Toda esta exaustiva experiência ensinou-me que a parentalidade é, na sua maioria, apenas a gestão de uma ansiedade constante e de baixo nível sobre coisas que estão inteiramente fora do nosso controlo. Podem comprar as cadeirinhas de carro mais seguras, dar-lhes o puré de batata-doce mais orgânico que houver e ler todos os livros sobre parentalidade positiva do mundo, mas mais cedo ou mais tarde vão dar por vocês de pé numa cozinha de madrugada, a olhar para um predador selvagem através de uma porta de vidro, percebendo que não fazem a mínima ideia do que estão a fazer.
E, honestamente, não faz mal. Desde que mantenham os vossos filhos lá dentro, ignorem os péssimos conselhos do vosso cunhado e deixem a vida selvagem tratar dos seus próprios assuntos, provavelmente irão sobreviver à manhã. Certifiquem-se apenas de que descobrem como funciona a máquina de café primeiro.

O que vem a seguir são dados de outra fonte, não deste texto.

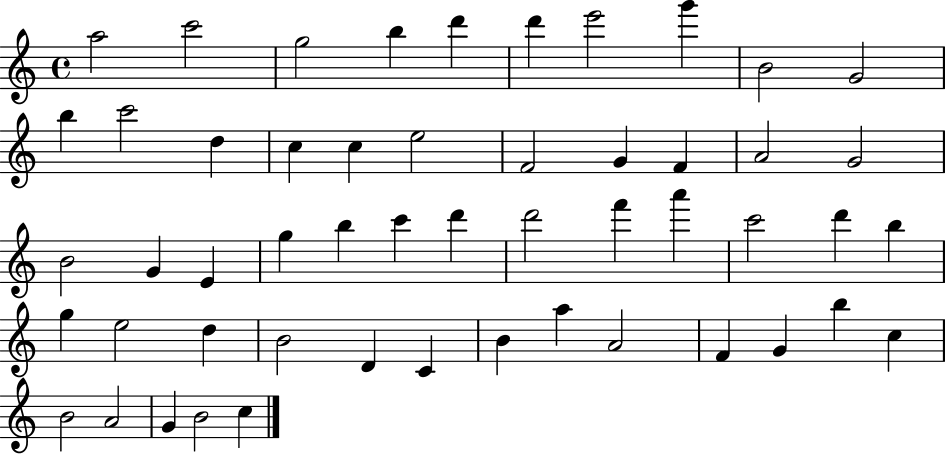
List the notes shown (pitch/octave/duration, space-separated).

A5/h C6/h G5/h B5/q D6/q D6/q E6/h G6/q B4/h G4/h B5/q C6/h D5/q C5/q C5/q E5/h F4/h G4/q F4/q A4/h G4/h B4/h G4/q E4/q G5/q B5/q C6/q D6/q D6/h F6/q A6/q C6/h D6/q B5/q G5/q E5/h D5/q B4/h D4/q C4/q B4/q A5/q A4/h F4/q G4/q B5/q C5/q B4/h A4/h G4/q B4/h C5/q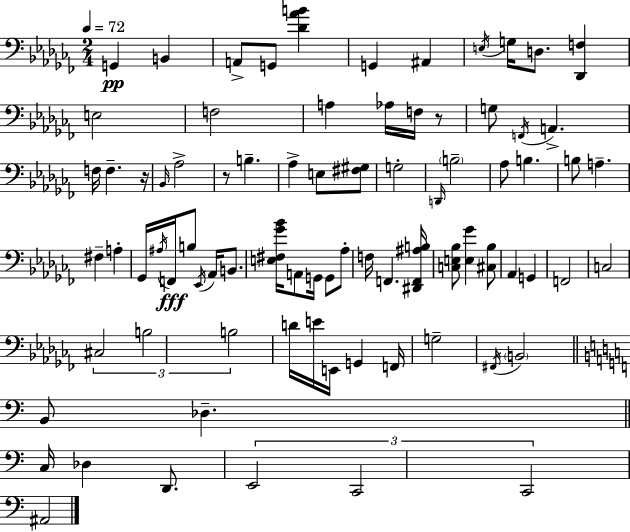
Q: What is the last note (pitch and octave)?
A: A#2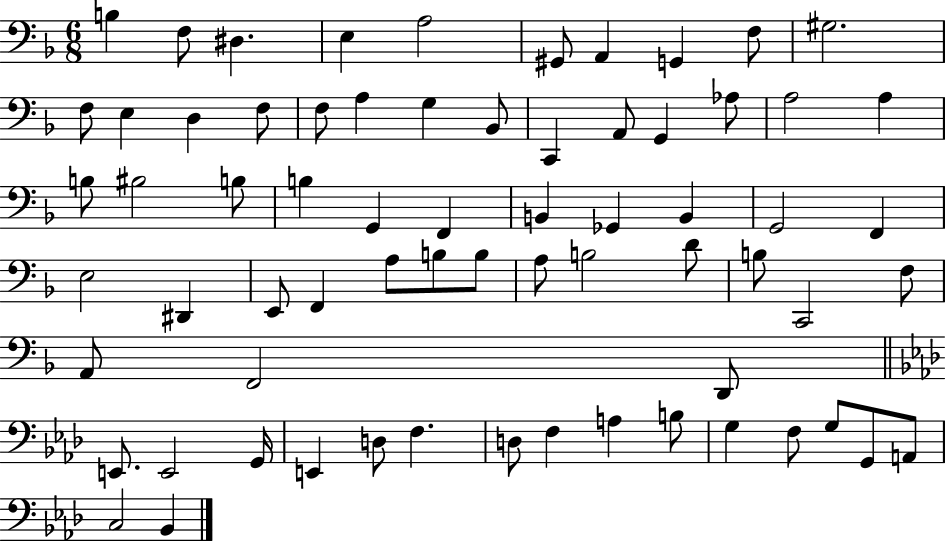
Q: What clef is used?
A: bass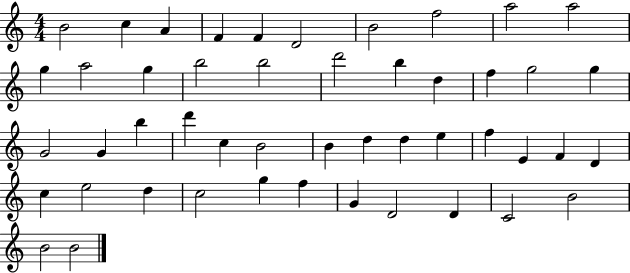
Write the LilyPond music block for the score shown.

{
  \clef treble
  \numericTimeSignature
  \time 4/4
  \key c \major
  b'2 c''4 a'4 | f'4 f'4 d'2 | b'2 f''2 | a''2 a''2 | \break g''4 a''2 g''4 | b''2 b''2 | d'''2 b''4 d''4 | f''4 g''2 g''4 | \break g'2 g'4 b''4 | d'''4 c''4 b'2 | b'4 d''4 d''4 e''4 | f''4 e'4 f'4 d'4 | \break c''4 e''2 d''4 | c''2 g''4 f''4 | g'4 d'2 d'4 | c'2 b'2 | \break b'2 b'2 | \bar "|."
}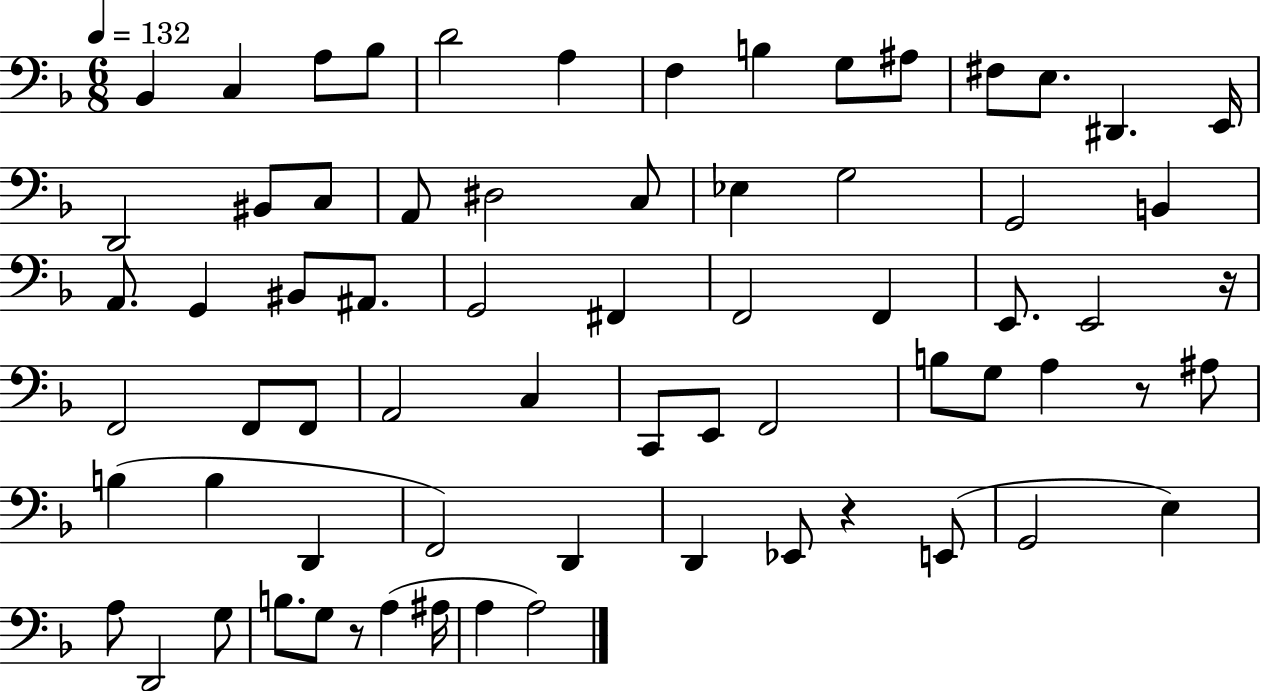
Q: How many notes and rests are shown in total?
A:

Prontos para melhorar a vossa caótica jornada de parentalidade com coisas que ajudam de verdade? Explorem toda a gama de artigos essenciais e sustentáveis para bebé da Kianao antes do vosso próximo pequeno desastre.
As minhas respostas atabalhoadas para as vossas questões de pânico com a vida selvagem
O que acontece se uma cria selvagem se aproximar a sério do meu filho?
Entram em pânico internamente, sem dúvida, mas mantêm-se fisicamente calmos, pegando imediatamente na criança ao colo. Não fujam a gritar porque isso desencadeia-lhes aquele instinto estranho de perseguir coisas. Limitem-se a recuar lentamente enquanto fazem muito barulho e assumem o aspeto mais enorme e assustador que um pai cansado de calças de fato de treino consegue ter.
A minha criança pode apanhar alguma coisa se tocar no sítio onde o animal esteve?
O veterinário do meu cunhado disse-nos mesmo isto quando o obriguei a ligar-lhe para perguntar. Embora os animais sejam portadores de coisas desagradáveis como sarna e vários vermes aterradores, o vosso filho não vai apanhar raiva só por ter tocado na relva onde a cria esteve sentada. Lavem-lhes bem as mãos com água quente e sabão, e talvez evitem que comam terra durante uns dias. No fundo, é a higiene normal de uma criança pequena.
Devo deixar uma taça com água lá fora se o animal parecer ter sede?
Absolutamente não. Eu sei que todas as fibras do vosso ser vos pedem para ser hospitaleiros, mas dar-lhes água ou comida apenas lhes ensina que as casas humanas são, essencialmente, restaurantes gratuitos. Além disso, um animal em choque médico pode engasgar-se com a água. Deixem que a mãe trate das suas necessidades de hidratação.
A mãe ataca-me se eu estiver com um bebé ao colo?
As mães de animais selvagens são profundamente desconfiadas de qualquer coisa que respire perto das suas crias. Se acidentalmente tropeçarem perto da toca delas, podem adotar uma postura de ataque, fazer barulhos terríveis ou tentar usar o bluff de forma agressiva para vos obrigar a sair. Ter um bebé ao colo não vos confere imunidade diplomática no reino animal, por isso recuem lentamente e deem-lhes o máximo de espaço possível.
Durante quanto tempo os pais deixam as crias sozinhas?
Pelos vistos, podem estar ausentes durante várias horas seguidas enquanto caçam roedores. As crias costumam manter-se escondidas, mas às vezes aborrecem-se e deambulam lá para fora para explorar, quase como uma criança pequena que escapa de um parque. O facto de não terem visto a mãe durante toda a manhã não significa que ela tenha desaparecido. Provavelmente está apenas a observar-vos a partir de um arbusto, a julgar as vossas capacidades parentais.